The Atlantic (formerly The Atlantic Monthly) has a feature “The Big Question” where it solicits answers from academics, purported experts, and its readers. Those questions have included recently “What Was the Greatest Movie Quote of All Time?” (September 2019); “What Lost Treasure Would You Most Like to Find?” (August 2019); “What was the Coldest Act if Revenge of All time?” (January/February 2019); “Whose Untimely Death Would You Undo?” (September 2018); and others going back several years. These questions run across the spectrum from the trivial to the important.
The November 2019 “Big Question” asks “If you could go back in time and change one thing, what would it be? Some of the answers, especially reveal the mindset of our southpaw friends. Here are a few:
Anna Della Subin, author of Not Dead but Sleeping (haven’t read it and probably will not, unless I’m in a prison cell with nothing else to read): “In 1937, a British colonialist in Kuwait was said to have dreamed of a gnarled, uprooted tree. A dream interpreter recognized the tree and told him that the dream meant oil would be found at the site — leading to the discovery of one of the Earth’s largest oil reserves. One wishes he’d had insomnia instead!”
Not sure of Ms. Subin’s point. Does she think that failing to discover oil in Kuwait would have foreclosed subsequent Middle Eastern conflict? Or, does she believe that the discovery of massive oil reserves would have prevented or mitigated the alleged present climate change? My guess is the latter.
Samantha Kelly, history professor, Rutgers: “The invention of agriculture. Imagine far less environmental degradation and income inequality, a shorter workday for all, a varied diet and possible better health outcomes for certain communities, and a profound confidence that the future would provide.
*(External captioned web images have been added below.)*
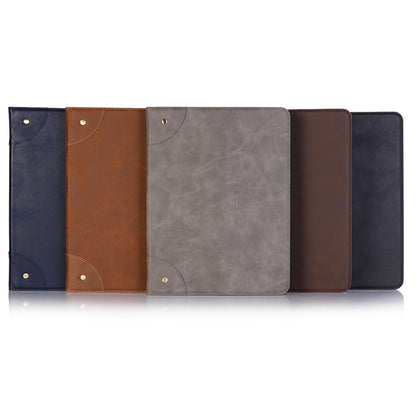 Retro Book Style Horizontal Flip PU Leather Case compatible with iPad Air 13 2025 / 2024 / iPad Pro 12.9 inch (2018), with Holder & Card Slots & Wallet, Compatible with iPad Air 13 2025 / 2024 / iPad Pro 12.9 inch (2018)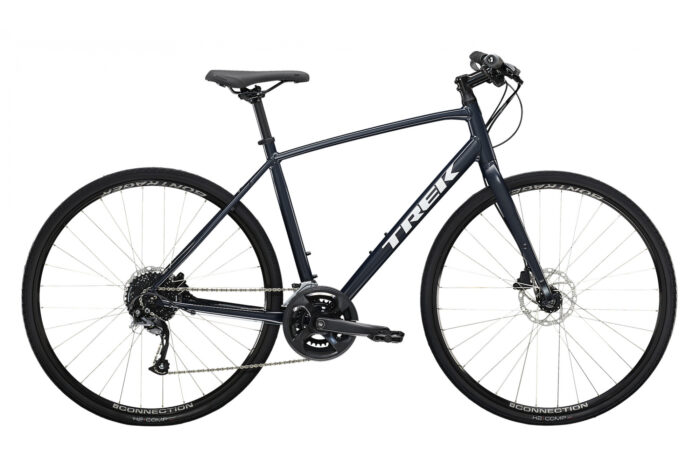 Vélo Fitness Trek FX 2 Disc Shimano Acera/Altus 9V 700 mm Bleu Nautical Navy 2023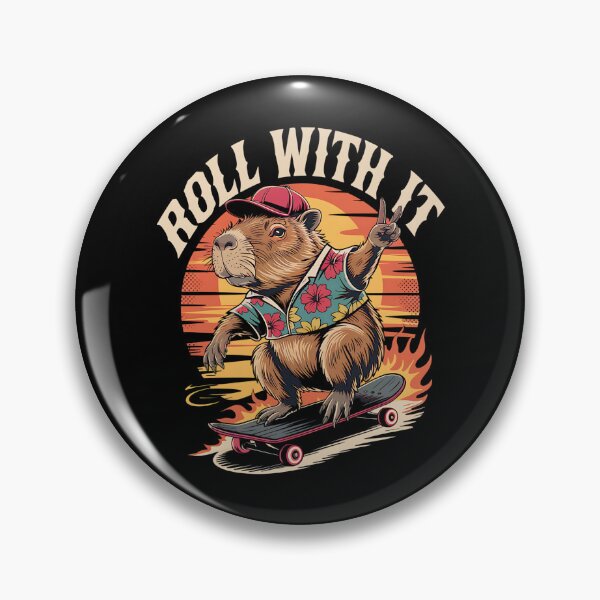 Item preview, Capybara Skateboard – Retro Summer Beach Party Streetwear Vibes designed and sold by Taans-Creation.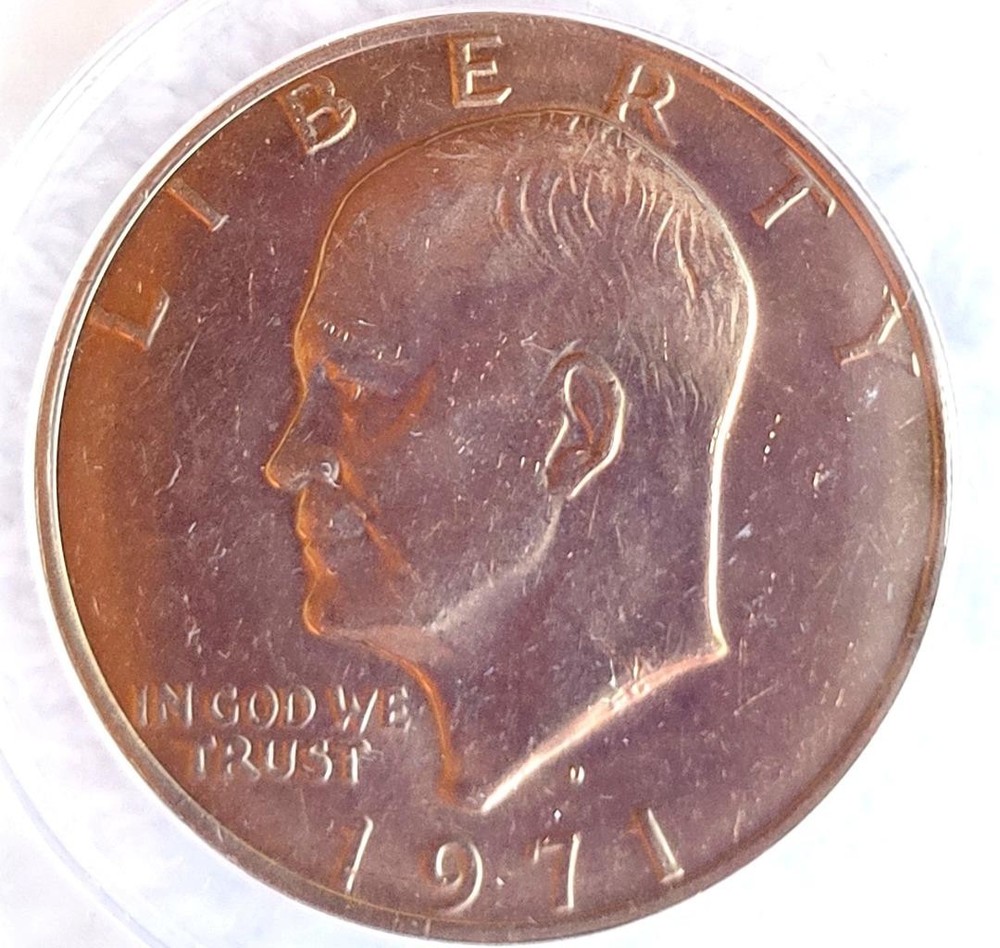 1971 D EISENHOWER (IKE) DOLLAR ANACS MS 63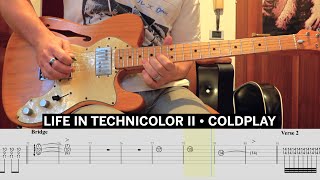 Life In Technicolor II Coldplay Cover • Guitar Tab • Tutorial • Lesson [upl. by Aveneg789]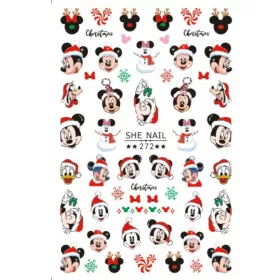  Roniki mesefigurás matrica - öntapadó - Mickey karácsonykor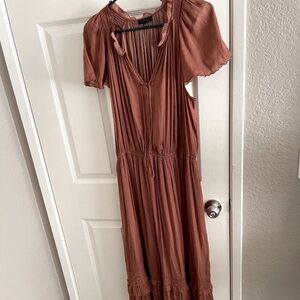 Anthropologie Current Air Maxi Dress XL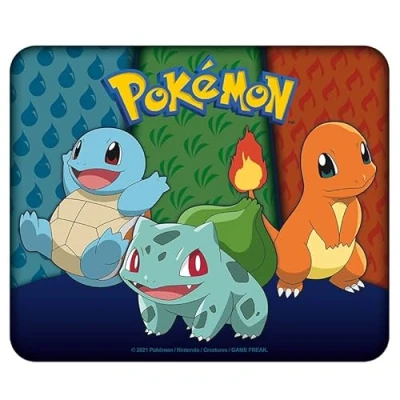 Image of ABYSTYLE Pokemon Kanto Starters Soft Mouse Pad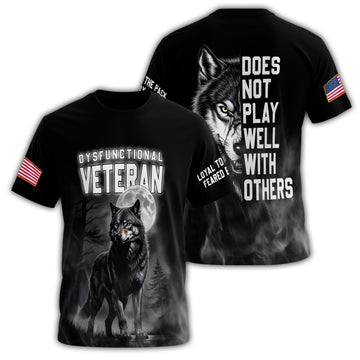 Dysfunctional Veteran All-over Print T-Shirt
A world without industrial agriculture would pretty much be the Eden of the Bible. Hunter-gatherer life isn’t sounding so bad.”
Really? Is this an attempt at refutation of Thomas Hobbes’ state of nature where life was nasty, brutish, and short? And from history professor at a first-tier institution, no less. Maybe Professor Kelly needs to go back to studying history herself. Hunter-gatherer life was authoritarian, hierarchical, and anything but equal, especially for the sexes. The hunters, nearly all male, were the elite. Gatherers were mostly female and subservient. Eden? Give me a break.
Several others from readers, who I will not name, but will identify by their location.
Ann Arbor, Michigan:
“The inception of the Eastern Gas Shales Program … The U.S. would be more likely to pursue renewable-energy sources and work to combat climate change if we didn’t have a commercially successful oil and gas industry.”
This reader is certainly a soul-mate of Professor Kelly. Would he be a hunter or a gatherer?
Two of the readers, Los Angeles, and Etowah, North Carolina, would have changed the assassinations of presidents Kennedy and Lincoln, respectively. I could agree with that; though counter-factual historical speculation is in the same class as parlor games.
Another reader, from upstate New York, opined that
“I’d let Rocky Balboa beat Apollo Creed during their first match, thereby saving humanity from 43 years of sequels and spinoffs.”
Now is that profound and astute? I can’t answer. The only Rocky movie I ever saw was when I was in a captive audience on a flight across the pond. It wasn’t memorable.